In the case of GNSS, one way to maximize reliability and precision is by using a correction service. Some use another set of satellite signals, such as L-Band services, while others use terrestrial signals, such as real-time kinematic (RTK). These services are particularly valuable for applications that require granular location data. Standard GNSS is accurate to only about 0.5 meter, while correction services can achieve centimeter-level precision.

One factor to keep in mind is that satellite-delivered correction service signals are susceptible to the same foliage and building attenuation as standard GNSS. (For a deep dive into all of the options, as well as what device OEMs need to consider when choosing a compatible antenna, see “Quick Fix: Understanding the Technologies and Business Opportunities in GNSS Correction Services.”)

Size, Spectrum, and Durability are Top Considerations

When device OEMs are choosing an antenna for smart cities applications, one common consideration is size.

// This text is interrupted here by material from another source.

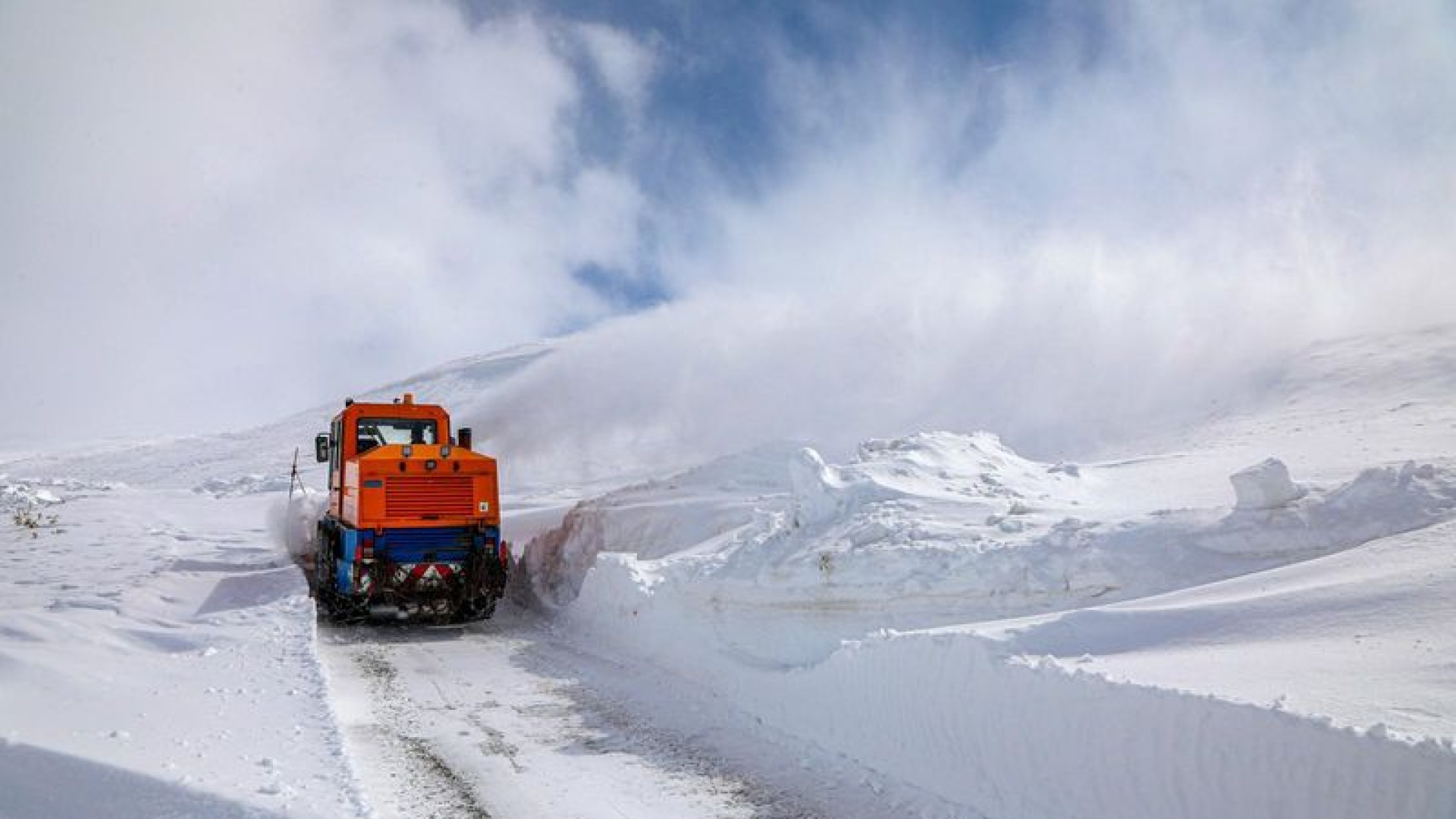 İran sınırında 2 metreyi aşan karla mücadele | Son dakika haberleri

Smaller usually is better. For example, parking meters and utility meters are relatively small, which means limited space for the antenna and the rest of the IoT module. In other cases, a compact antenna is preferable because it’s more difficult to see, so criminals and vandals overlook that the device can be remotely monitored and controlled.

Durability also is a key requirement. If the antenna fails, so does the connection to the device and all of the applications using it. When comparing external antennas, pay close attention to the enclosure’s IP and IK specs. For example, an IP67-rated enclosure is verified to withstand up to 1 meter submersion for 30 minutes, while an IK08 rating means the antenna elements inside are protected against objects weighing up to 1.7 kg dropped from a height of 29.5 cm. (For more information, see “What Does an IP67 Rating Really Tell You about an Antenna’s Durability?” and “How IP and IK Ratings Measure Real-World Durability.”)

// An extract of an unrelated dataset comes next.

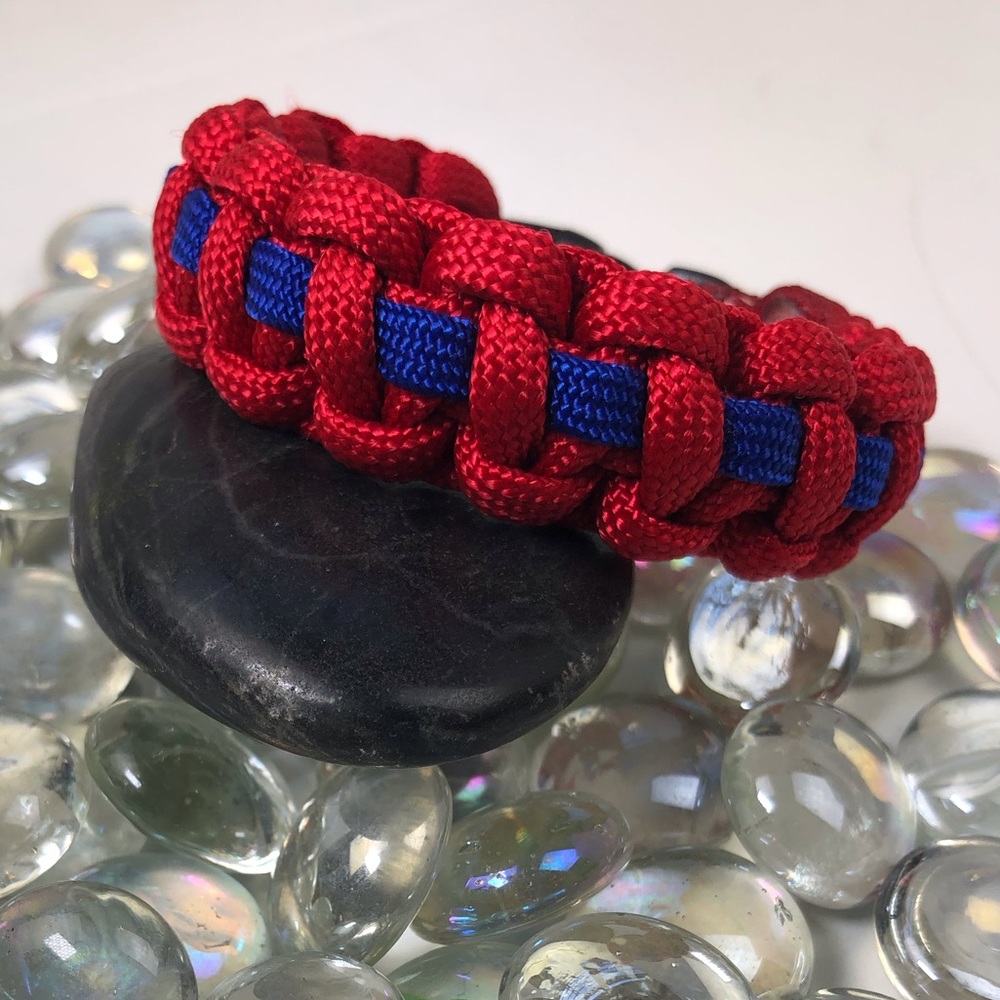 Blue Fin 550 Paracord Bracelet w Tactical Buckle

Those requirements are among the reasons why Taoglas developed the Colosseum Series, all of which have an IP67 enclosure. The Colosseum Combination Antenna is just 57.4 mm tall but includes 5G/4G MIMO, dual-band Wi-Fi®, and multi-constellation GNSS. The 57-mm Colosseum X active and passive antennas are ideal for GNSS-only applications that require multi-constellation resilience and precision, including optional support for L-Band correction services to achieve centimeter-level granularity.

Another tip is to ensure that the antenna’s cables and connectors aren’t weak links. The cable’s shield and jacket layers should be thick enough to protect the conductor, while the connectors should be ruggedized and, during manufacturing, tested to verify that they’re sealed tight against the cable ends. (For more insights, see “A Crash Course on RF Cables” and “What’s Inside is What Counts: Understanding Antenna Coaxial Cables.”)

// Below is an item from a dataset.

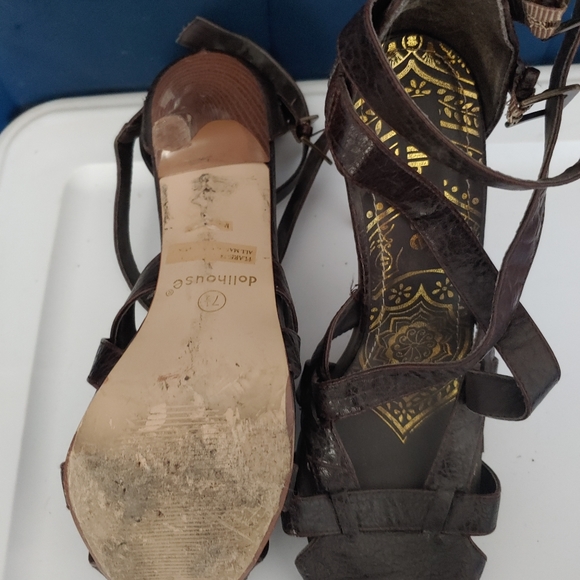 Heels - Picture 2 of 4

Finally, many cities own and operate an electric utility. When developing smart cities solutions for those municipalities, consider choosing an antenna that covers the 900 MHz band (896-901 MHz uplink and 935-940 MHz downlink). Also known as Band 106 when it’s used for LTE and n106 for 5G, 900 MHz is ideal for applications such as smart grids because signals can penetrate foliage and reach meters inside buildings and underground utility vaults. All Taoglas cellular antennas that cover LTE Band 8 (880-915 MHz uplink and 925-960 MHz downlink) will support B106/n106, too. (For more insights, see “B106/n106: The New 900 MHz Option for Private LTE and 5G Networks for Utility Applications.”)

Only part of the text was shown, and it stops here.